Stephen Fickas“This is not something that’s brand new,” said Stephen Fickas (right), a professor in computer and information science at the UO. “It’s just that enough people are getting their head around it to call it something. ‘The Internet of Things’ refers to the proliferation of computers into every nook and cranny of daily life.”

Some predict 2016 will see an explosion in IoT applications and related jobs such as data-communications analysts and network-system experts. Hype around IoT might even understate its potential, which could bring an economic impact of $11.1 trillion annually by 2025, the McKinsey Global Institute reported.

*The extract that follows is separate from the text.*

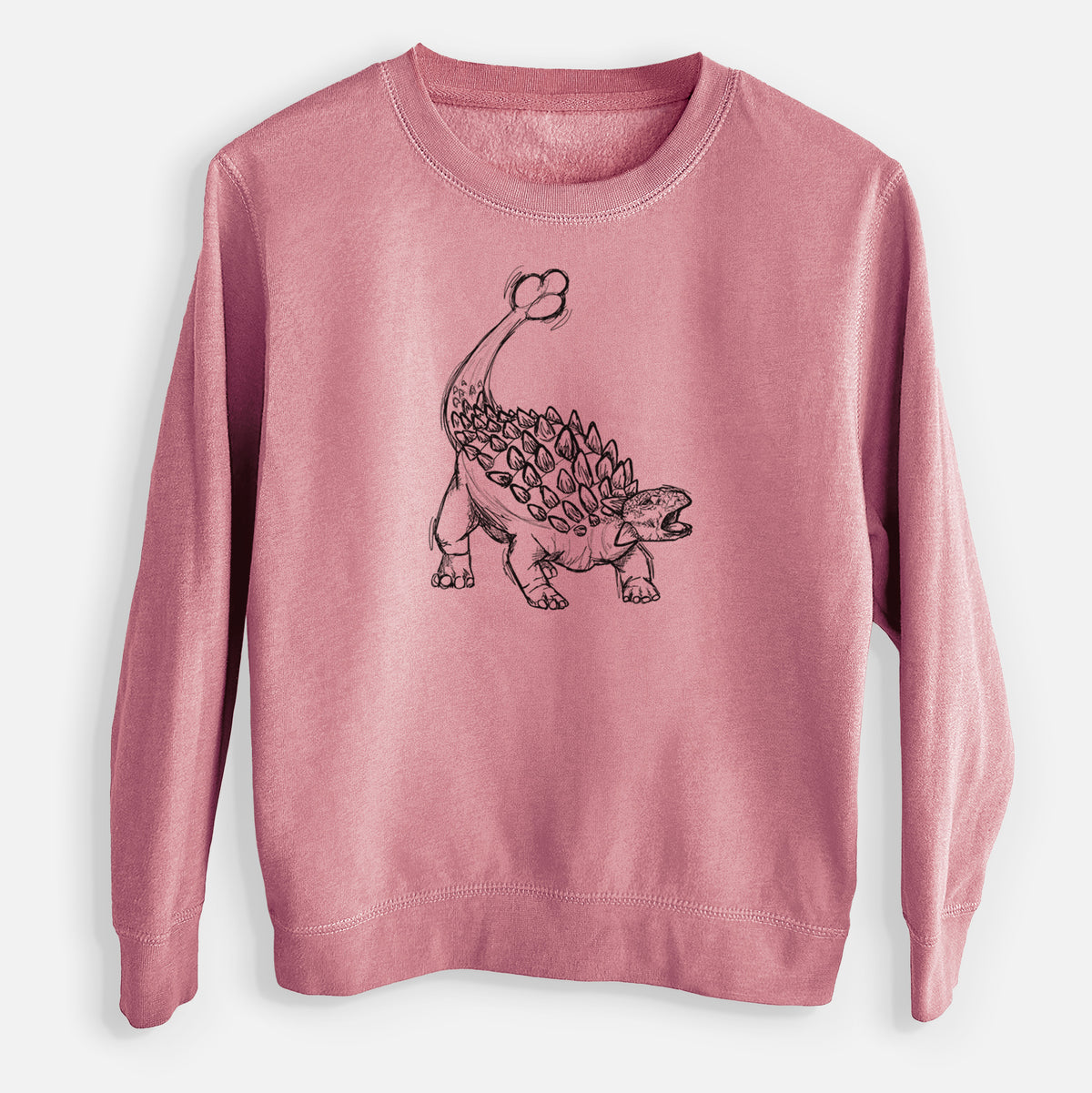 Mauve pink youth crewneck sweatshirt laid flat, printed with a black ink illustration of an Ankylosaurus with its club tail raised.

Fickas isn’t waiting to see if the predictions come true. Known for an innovative approach to education, he has launched a course that gives students—inside and outside computer science—basic skills in programming, networks, and data analysis. The CIS department has seen the future: they believe it’s one in which UO graduates must be able to speak “IoT”—regardless of whether they plan to be a software specialist or a Shakespeare scholar.

Pocket-sized but powerful

On a recent morning in the Colloquium Room, an expansive setting in Deschutes Hall with blue couches and wall-length windows, freshman Sierra Battan clapped her hands for all she was worth: “CLAP! CLAP-CLAP-CLAP! CLAP-CLAP!”

Carson Hauth & Sierra Battan

Hauth (left) and Battan learned to write code that enabled a tiny computer to read and process loud noises and bright lights.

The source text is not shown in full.